Совершенно ясно, что для философского и научного мышления того времени (Бонамико и Маццони, в сущности, лишь выражают общее мнение697) граница между последователями Аристотеля и Платона проступает очень отчетливо: тот, кто считает, что математика обладает высшей ценностью, кто, кроме того, приписывает математическим сущностям действительное значение и главенствующее положение в и для физики, – тот платоник; тот, кто, напротив, считает математику «абстрактной» наукой и, как следствие, приписывает ей меньшее значение, чем наукам – метафизике и физике, – которые занимаются реальностью, кто, в частности, пытается основывать физику непосредственно на опыте, отводя математике лишь вспомогательную роль, – тот последователь Аристотеля.

Отметим между прочим, что речь здесь вовсе не идет о проблеме достоверности, скорее о проблеме реальности: ни один последователь Аристотеля никогда не ставил под сомнение достоверность геометрических доказательств. Вопрос также не в том, применима ли математика в естествознании: ни один последователь Аристотеля никогда не отказывался измерять то, что измеримо, и считать то, что исчисляемо, – вопрос в том, какова ее роль в и для самой структуры научного знания, т. е. этот вопрос необходимым образом касается самой реальности.
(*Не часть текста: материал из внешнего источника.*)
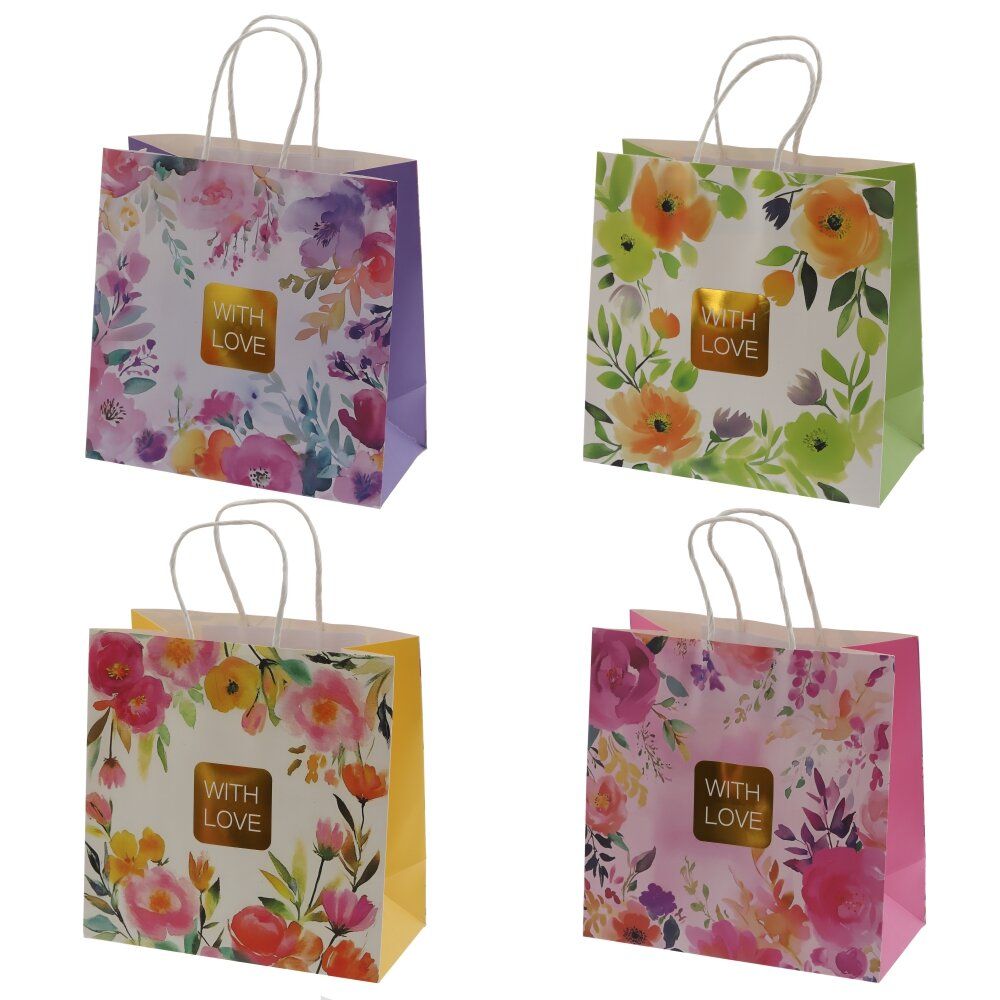 GAEM Пакет подарочный S (бумага 210г/м2, блок 12шт), L20 W10 H20 см, 4в.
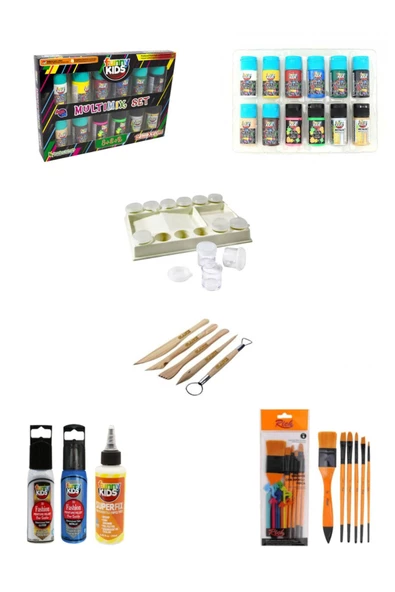 Funny Kids Multimix Akrilik Boya 12 Renk X 20 Ml-kil Başlangıç Setizemin Fırça Karma Set 8 Okul Seti ürün görseli 1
В то же время следует признать, что эпистемологические и исторические представления современников Галилея, как нам кажется, не лишены смысла. По правде сказать, мы вполне согласны с ними: математизм в физике действительно является признаком платонизма, даже если это неосознанно; потому наступление эпохи классической науки в общем можно назвать возвращением к Платону.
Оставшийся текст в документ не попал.